Figure 6. The beneficial effect of metformin on gut microbiota in aged rats. (A) The gut microbiota showed differences among SC, SC-MET, CLP, and CLP-MET groups in the phylum level. The relative abundance of Bacteroidetes decreased in CLP and SC-MET groups compared with the SC group, but it was reversed in the CLP-MET group. (B) The Genus-level gut microbiota showed differences among SC, SC-MET, CLP, and CLP-MET groups. (C-H) The abundance of Escherichia_Shigella, Klebsiella increased in the CLP group compared with SC and SC-MET groups, but it was reversed in the CLP-MET group; the relative abundance of Bifidobacterium, Muribaculaceae, Parabacteroides_distasonis, and Alloprevitella decreased in the CLP group compared with SC and SC-MET groups, and it was increased in the CLP-MET group. (I) The ratio of Firmicutes/Bacteroidetes slightly increased in SC-MET and CLP groups compared with the SC group. However, metformin treatment could slightly decrease the ratio of Firmicutes/Bacteroidetes compared with the CLP group. *P < 0.05, **P < 0.01, ***P < 0.001.

Strikingly, the correlation analysis of gut microbiota among groups showed that Bifidobacterium, Parabacteroides_distasonis and Muribaculaceae were negatively correlated with Klebsiella and Escherichia_Shigella, and Muribaculaceae was positively correlated with Alloprevotella ((A)). We researched the correlation between gut microbiota and inflammatory factors, and the results showed that Klebsiella and Escherichia_Shigella were positively correlated with TNF-α, IL-6, ccl2, cxcl1, and ccl4 ((B)). The Phylogenetic Investigation of Communities by Reconstruction of Unobserved States (PICRUSts) analysed the differences in the Kyoto Encyclopedia of Genes and Genomes (KEGG) metabolic pathway among groups. In particular, the gut microbiota metabolism may be enriched in some pathways. For example, glucose metabolism, vitamin metabolism, amino acid metabolism, and polyisoprenoid metabolism were significantly enhanced in the SC faeces compared with those in the SC-MET feces (Supplementary Figure 6A); glucose metabolism, vitamin metabolism, and polyisoprenoid metabolism were slightly enhanced in SC faeces compared with those in the CLP feces (Supplementary Figure 6B); vitamin metabolism was significantly enhanced in the CLP-MET faeces compared with that in the CLP faeces (Supplementary Figure 6C). Collectively, these data suggested that metformin may affect the metabolic pathways of gut microbiota in aged SLI rats.
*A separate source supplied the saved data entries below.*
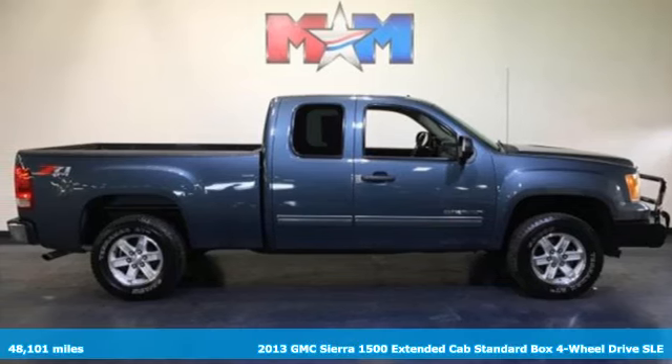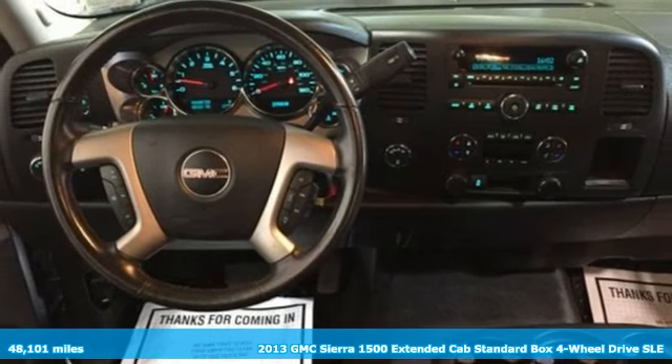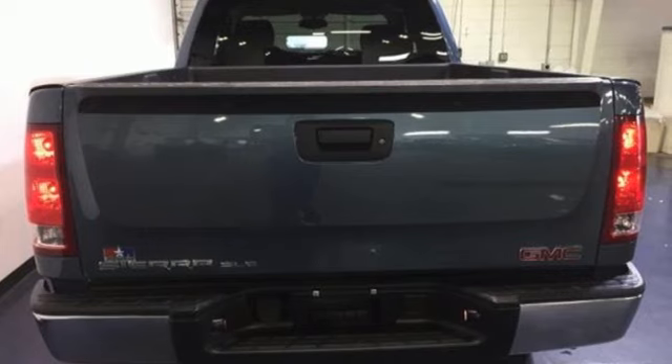It's a 2013 GMC Sierra 1500. This truck is more than just good looks — it has the brawn to match, so you don't have to trade the ability to turn heads for the ability to get the job done.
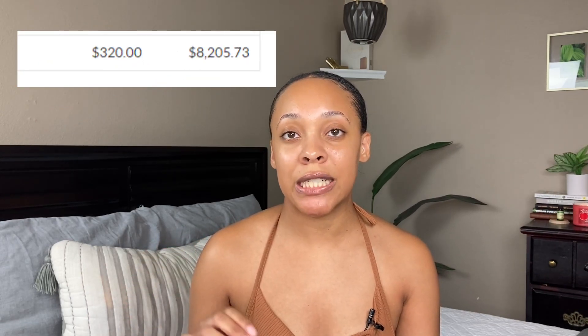After taking out that $100, I had $350 left over. I applied that $350 as extra on top of the $320 automatic payment, so that was $670 total that I put into my emergency fund this pay period. That puts my total at $8,205.73 — so pretty close, with a little less than $2,000 left to reach the goal.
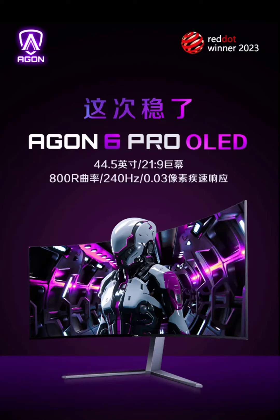AOC's Aragon 6 Pro OLED curved monitor, featuring a 45-inch 10-bit 240Hz panel, is now available for 8,999 yuan ($1,262). Last year in October, AOC introduced the Aragon 6 Pro OLED gaming monitor with the model number AG456UCZD, featuring a 45-inch curved OLED display. Currently, this monitor is available for purchase in China at a price of 8,999 yuan ($1,262).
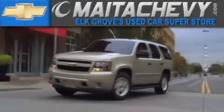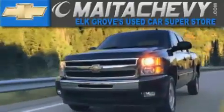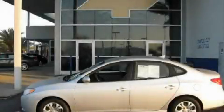Another fine vehicle offered by Mata Chevrolet. This is a 2010 Hyundai Elantra.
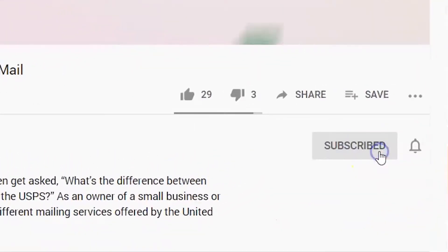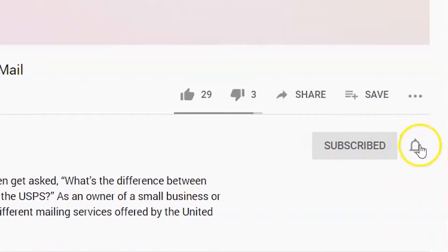Before diving deeper into this subject, make sure that you subscribe to our YouTube channel. Also click on the alert bell icon so that you're notified when we post new helpful content.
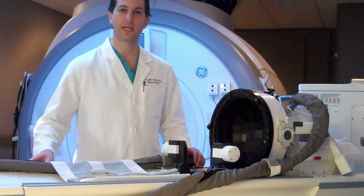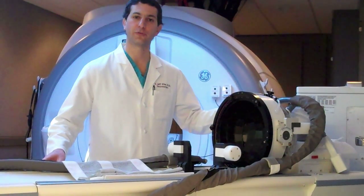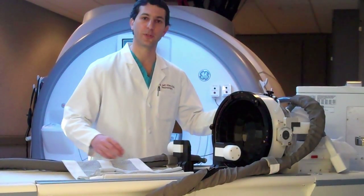Behind me is a very high resolution MRI scanner — a 3 Tesla magnet which can provide very high quality images of the brain. This is the ultrasound table which docks to the MRI, and here is the MRI-compatible ultrasound transducer which the patient is placed into for the treatment.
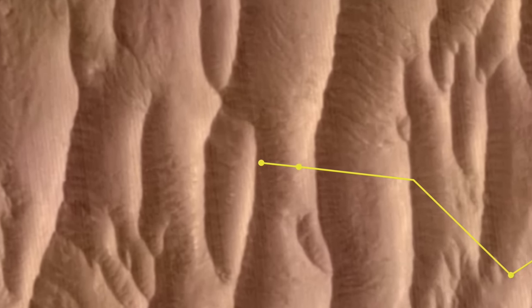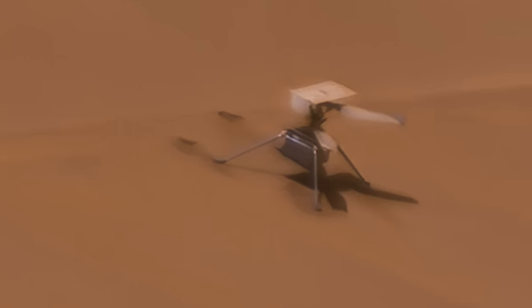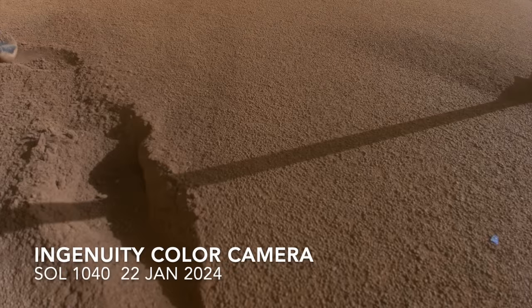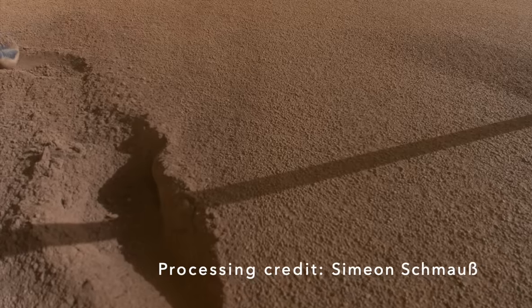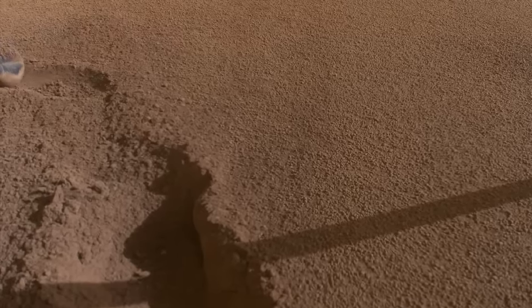Given that there are only two deep footprints, this shows that Ingenuity first made contact on just two legs. Probably as it was trying to make a last-second maneuver to the east, there's a large patch of disturbed sand downslope from the two footprints, which is the location of the deep gouge shown in Ingenuity's post-landing color camera view. The left foot appears to have dragged through this disturbed sand, so the disturbance happened first, probably as the blades made contact at more than 2500 rpm.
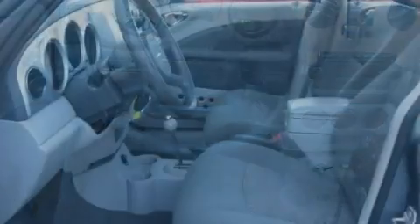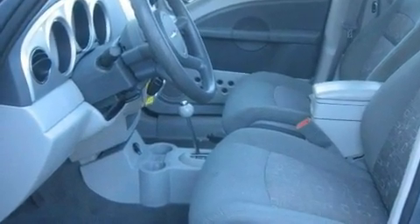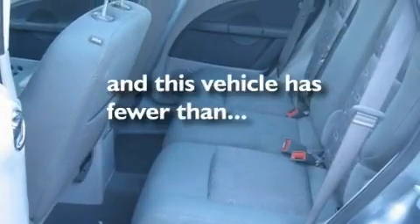Additional features include a Sentry key theft deterrent system, a passenger side vanity mirror, a low-tire pressure indicator, a rear window defroster, and this vehicle has fewer than 46,000 miles on the odometer.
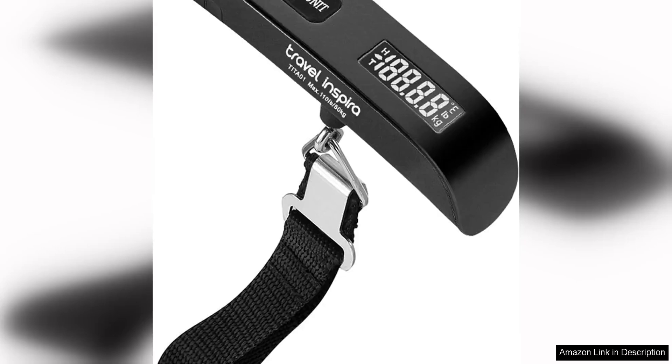The Travel Inspira Luggage Scale is a must-have for any frequent traveler. This portable digital hanging baggage scale is compact, lightweight, and extremely easy to use, making it the perfect travel companion for anyone who wants to avoid unexpected baggage fees at the airport.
Figure 7. The correlation analysis of the gut microbiota and liver inflammation in aged rats. (A) The correlation analysis of the gut microbiota showed that Escherichia_Shigella, Klebsiella were negatively correlated with Alloprevitella, Bifidobacterium, Muribaculaceae, and Parabacteroides_distasonis; Muribaculaceae was positively correlated with Parabacteroides_distasonis and Bifidobacterium. (B) The correlation analysis between gut microbiota and liver inflammation showed that TNF-α, IL-6, ccl2, cxcl1, and ccl4 of the liver showed a positive correlation with Escherichia_Shigella, Klebsiella, and a negative correlation with Muribaculaceae and Alloprevitella.

Figure 7. The correlation analysis of the gut microbiota and liver inflammation in aged rats. (A) The correlation analysis of the gut microbiota showed that Escherichia_Shigella, Klebsiella were negatively correlated with Alloprevitella, Bifidobacterium, Muribaculaceae, and Parabacteroides_distasonis; Muribaculaceae was positively correlated with Parabacteroides_distasonis and Bifidobacterium. (B) The correlation analysis between gut microbiota and liver inflammation showed that TNF-α, IL-6, ccl2, cxcl1, and ccl4 of the liver showed a positive correlation with Escherichia_Shigella, Klebsiella, and a negative correlation with Muribaculaceae and Alloprevitella.

Discussion

This study researched the role of metformin in improving inflammation and liver injury by modulating the gut microbiota in septic-aged rats. The composition of gut microbiota in the CLP-MET group changed from LPS production and inflammation to SCFA production and anti-inflammation, which protected rats from SLI. The gut microbiota shifted to SCFA production after metformin treatment, which may increase the claudin-3 level in the colon, suppressing the leaky gut and protecting it from cytokine inflammation production. Our work supports the general idea of using the FMT assay in sepsis because metformin protects inflammatory responses and liver injury in sepsis.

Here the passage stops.